━━━━━ Data for review

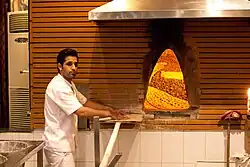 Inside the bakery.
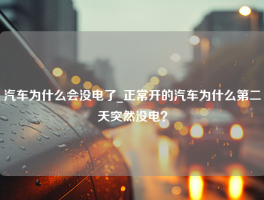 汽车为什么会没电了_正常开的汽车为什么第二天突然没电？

━━━━━━━━━━
━━━━━ Data for review

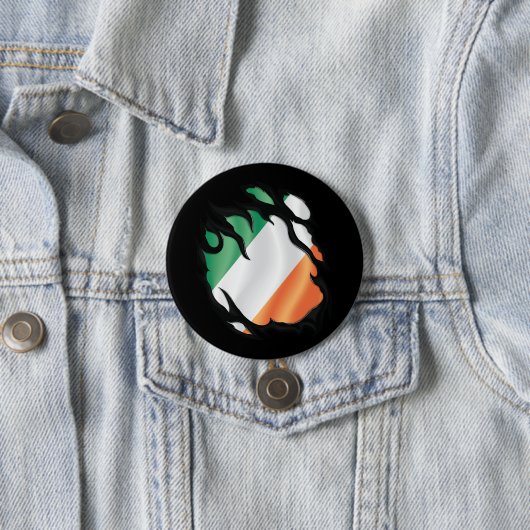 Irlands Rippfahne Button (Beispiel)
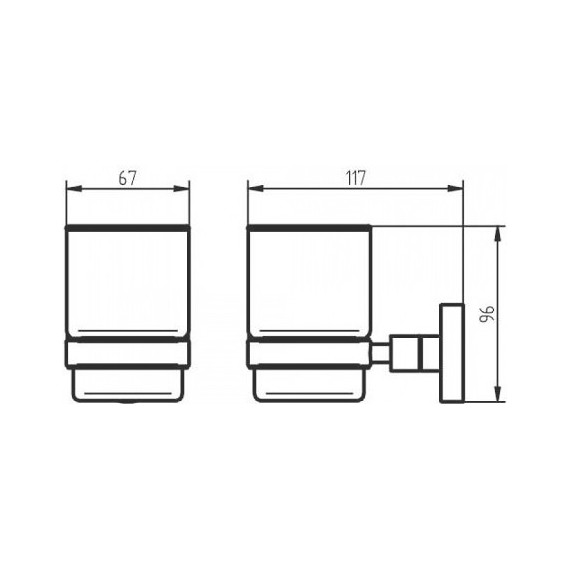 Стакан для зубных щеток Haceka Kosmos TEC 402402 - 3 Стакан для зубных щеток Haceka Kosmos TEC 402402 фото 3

━━━━━━━━━━

## Exercise requirements
Above are some records. Reproduce the lines from the one with "Irlands Rippfahne Button (Beispiel)" down to the one with "Стакан для зубных щеток Haceka Kosmos TEC 402402 - 3", keeping both, and leave every picture out.

## Task answer
 Irlands Rippfahne Button (Beispiel)
 Стакан для зубных щеток Haceka Kosmos TEC 402402 - 3 Стакан для зубных щеток Haceka Kosmos TEC 402402 фото 3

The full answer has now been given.